A parabola is a U-shaped curve that can either open upwards or downwards. It is the graph of a quadratic function, which takes the form:

\[ f(x) = ax^2 + bx + c \]
Where:

• \(a\), \(b\), and \(c\) are constants,
• \(x\) represents the variable.

The direction in which the parabola opens depends on the sign of the coefficient \(a\):

• If \(a > 0\), the parabola opens upwards.
• If \(a < 0\), the parabola opens downwards.

In the given quadratic function, \(-3x^2 + 12x + 5,\) the coefficient of \(x^2\) is \(-3\). Because it is negative, the parabola opens downward. This tells us that the function has a maximum value, not a minimum.

The vertex of a parabola is its highest or lowest point, depending on the direction it opens.
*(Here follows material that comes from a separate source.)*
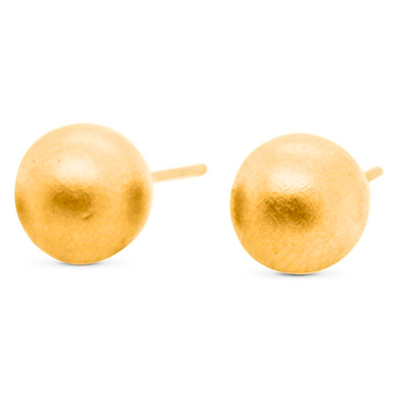24K Pure Gold Ball Stud Earrings – Minimalist Luxury, Made to Last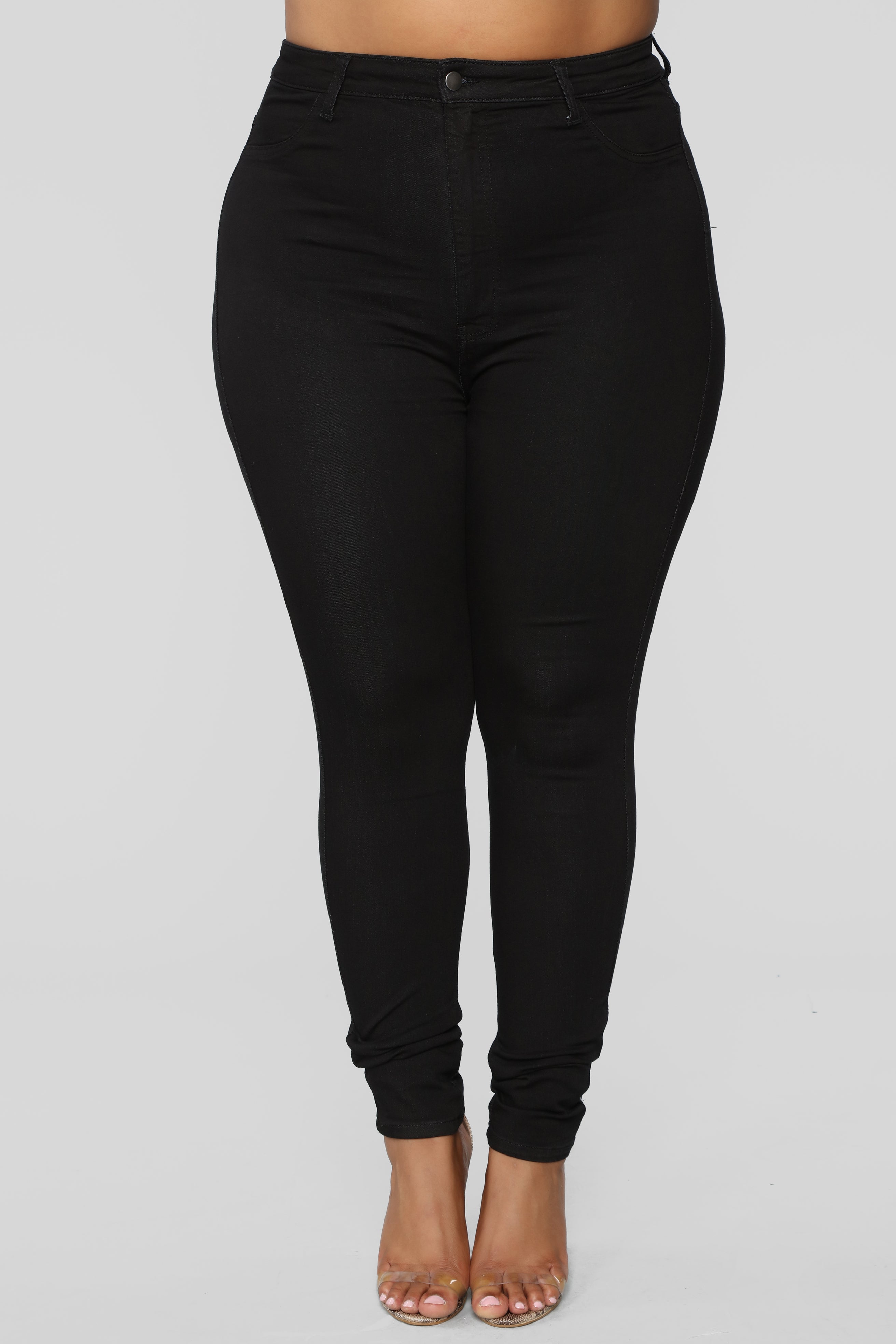 Classic High Waist Skinny Jeans - Black - Image 7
For the quadratic function \(f(x) = ax^2 + bx + c\), the vertex can be found using the vertex formula:
\[ x = -\frac{b}{2a} \]
Here,

• \(a\) is the coefficient of \(x^2\),
• \(b\) is the coefficient of \(x\).

In our function, \(a = -3\) and \(b = 12\). Plug these values into the vertex formula to get:
\[ x = -\frac{12}{2(-3)} = -\frac{12}{-6} = 2 \]
This tells us the x-coordinate of the vertex is 2. To find the y-coordinate, substitute \(x = 2\) back into the original function:
\[ f(2) = -3(2)^2 + 12(2) + 5 \]
Simplify step-by-step:
\[ f(2) = -3(4) + 24 + 5 \]
\[ f(2) = -12 + 24 + 5 \]
\[ f(2) = 17 \]
So, the vertex of the parabola is at \((2, 17)\), and 17 is the function's maximum value.

In a quadratic function, the maximum or minimum value occurs at the vertex. For a parabola that opens downward (which occurs when \(a < 0\)), the vertex represents the maximum value.

In the function, \(f(x) = -3x^2 + 12x + 5\), since the parabola opens downward, it has a maximum value. We already found the vertex to be \((2, 17)\).

Therefore, the highest point on the parabola, and thus the maximum value of the function, is 17. This maximum value is the y-coordinate of the vertex. So, no matter what values you plug into the function, it will never output a number greater than 17.